RECORDED DATA Start Marker
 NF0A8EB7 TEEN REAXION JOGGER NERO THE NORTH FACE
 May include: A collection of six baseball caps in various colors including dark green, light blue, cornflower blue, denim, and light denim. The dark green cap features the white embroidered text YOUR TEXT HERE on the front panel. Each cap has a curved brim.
RECORDED DATA End Marker
RECORDED DATA Start Marker
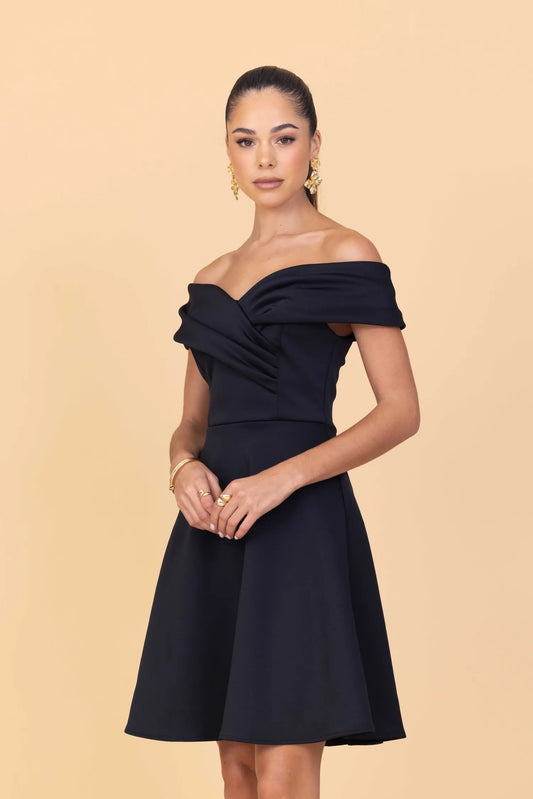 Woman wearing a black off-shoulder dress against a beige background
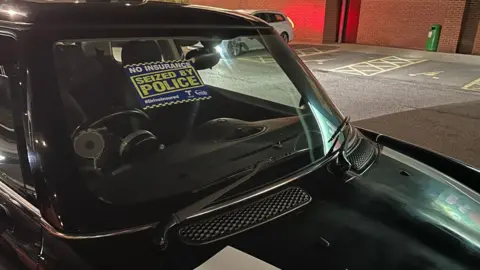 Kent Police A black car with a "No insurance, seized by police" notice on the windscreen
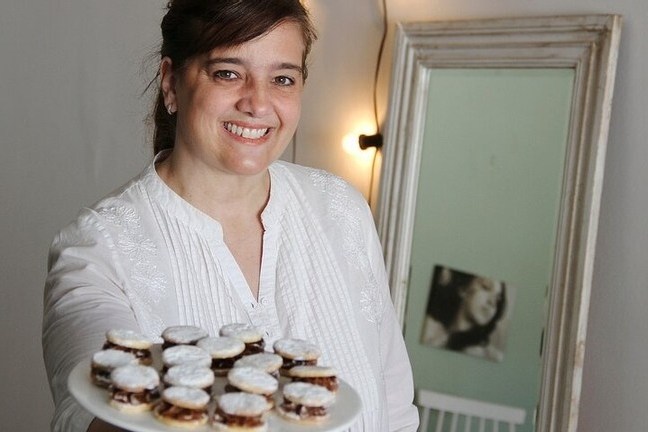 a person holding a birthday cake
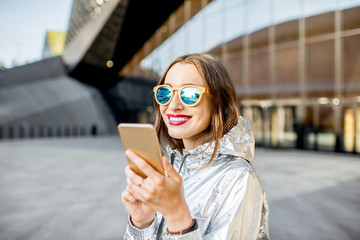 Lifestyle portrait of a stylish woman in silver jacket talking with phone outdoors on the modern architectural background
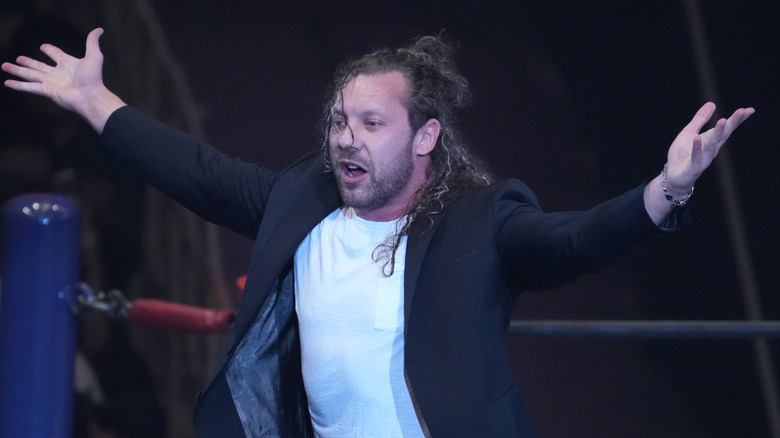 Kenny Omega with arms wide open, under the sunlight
RECORDED DATA End Marker
(PROBLEM REQUIREMENTS)
Starting with the line that has "Woman wearing a" and ending with the line that has "Kenny Omega with", repeat the lines above exactly, omitting every picture.

(WRITTEN ANSWER)
 Woman wearing a black off-shoulder dress against a beige background
 Kent Police A black car with a "No insurance, seized by police" notice on the windscreen
 a person holding a birthday cake
 Lifestyle portrait of a stylish woman in silver jacket talking with phone outdoors on the modern architectural background
 Kenny Omega with arms wide open, under the sunlight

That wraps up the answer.